Without preparation, as the discussion unfolds, at some point you will neglect a certain piece of information; you realize that you do not have quite the good answers; even not the good questions. The pressure, the stress involved during discussion, a tactful salesman, and lots of unexpected factors may change the priorities you set up mentally and you end by not getting to the bottom of all the compulsory subjects. To make things worst, for the next negotiation you do the same mistake, and then also in the next one…

We fail to get the best result from that negotiation because we fail to understand the value of its preparation. We lose sometimes more than a better price on an item: we lose credibility and opportunities.

The key-phrase is: do your homework before. Prepare, prepare, prepare. Do it in writing. Develop this into a habit; it will prove to be one of the most productive habits you will ever get as a buyer.

Often the question is: but when can we take the time to do it? Simple, when you schedule a negotiation, schedule it together with the time for the preparation! Setting it up well will mean you will spend less time in the meeting with your vendor; and you will be far more effective. In fact, it can be the most efficient time you spend during the whole process.

The analogy which comes to my mind is one with building a house. You own a piece of land and you want to build a house on it. You have an exact idea about how the house must look like.
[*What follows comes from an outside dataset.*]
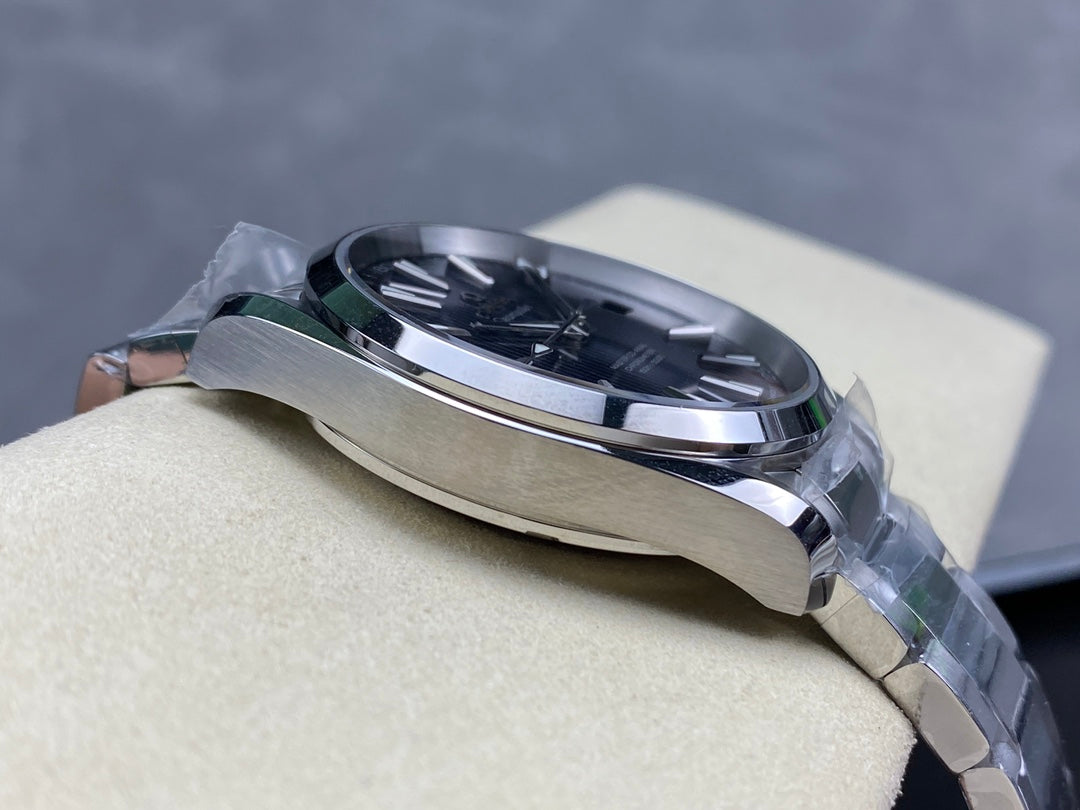 Omega Seamaster Aqua Terra (Dial Azul) — Omega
Would you start building this house without having first a detailed design, a blueprint? Without knowing the full characteristics of the ground your foundation will lay on? Without having an idea about the budget you are going to invest? Would you build a house improvising, following a spontaneous plan in your head? Certainly, you can finalize a construction using this approach, but the result has few chances to look like it was pictured in your head before you started building.

In a negotiation is alike: without a written plan and documented information, you will get something in the end but for sure the negotiation will not be satisfying and the end result might look, yes, very ugly.